··· EXTRACTED RECORDS ···
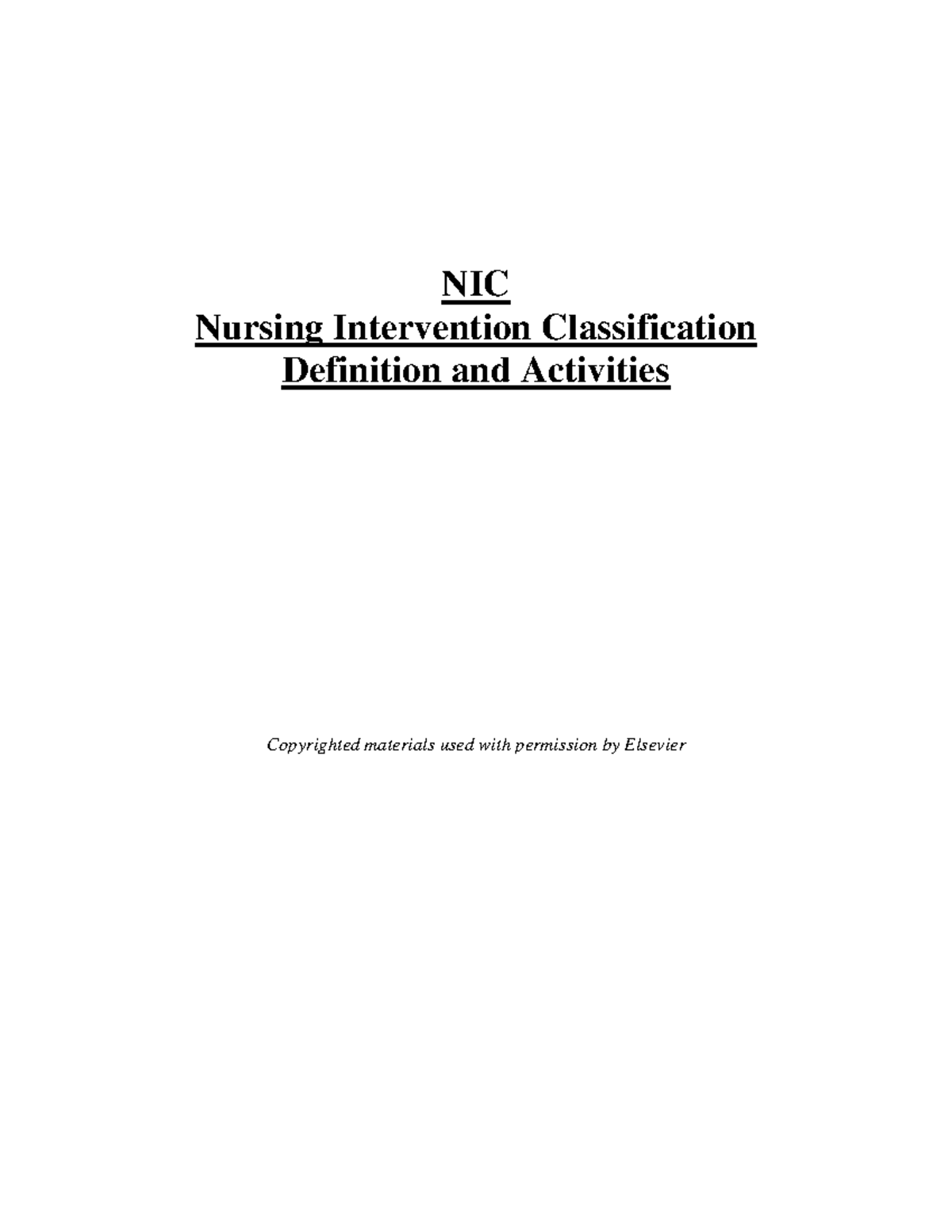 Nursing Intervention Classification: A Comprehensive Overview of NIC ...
···
··· EXTRACTED RECORDS ···
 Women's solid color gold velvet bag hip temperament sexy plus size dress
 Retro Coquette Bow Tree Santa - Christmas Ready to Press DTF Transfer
···
··· EXTRACTED RECORDS ···
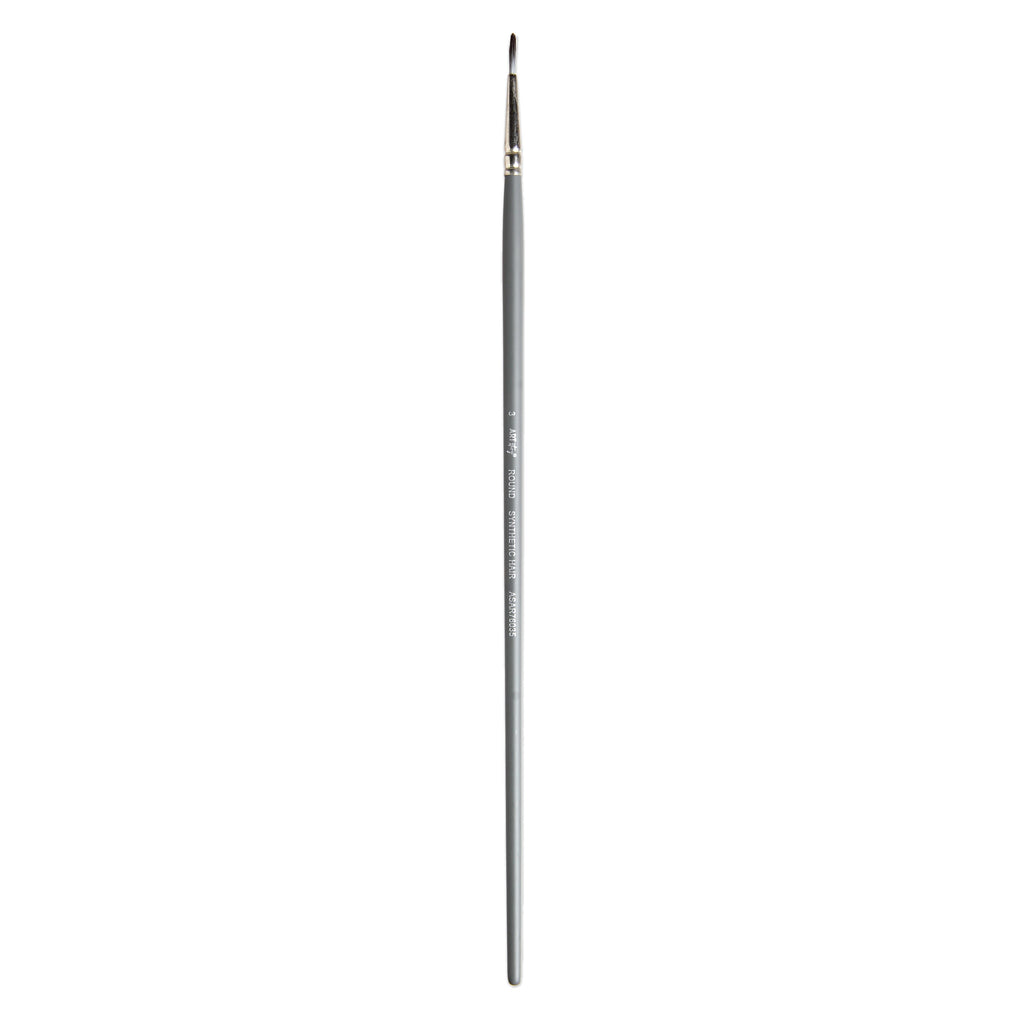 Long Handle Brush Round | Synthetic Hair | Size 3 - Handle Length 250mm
···
(PROBLEM DESCRIPTION):
All lines above between those holding "Women's solid color" and "Retro Coquette Bow", inclusive, must be set down unchanged, and no other line may be included.

(ANSWER):
 Women's solid color gold velvet bag hip temperament sexy plus size dress
 Retro Coquette Bow Tree Santa - Christmas Ready to Press DTF Transfer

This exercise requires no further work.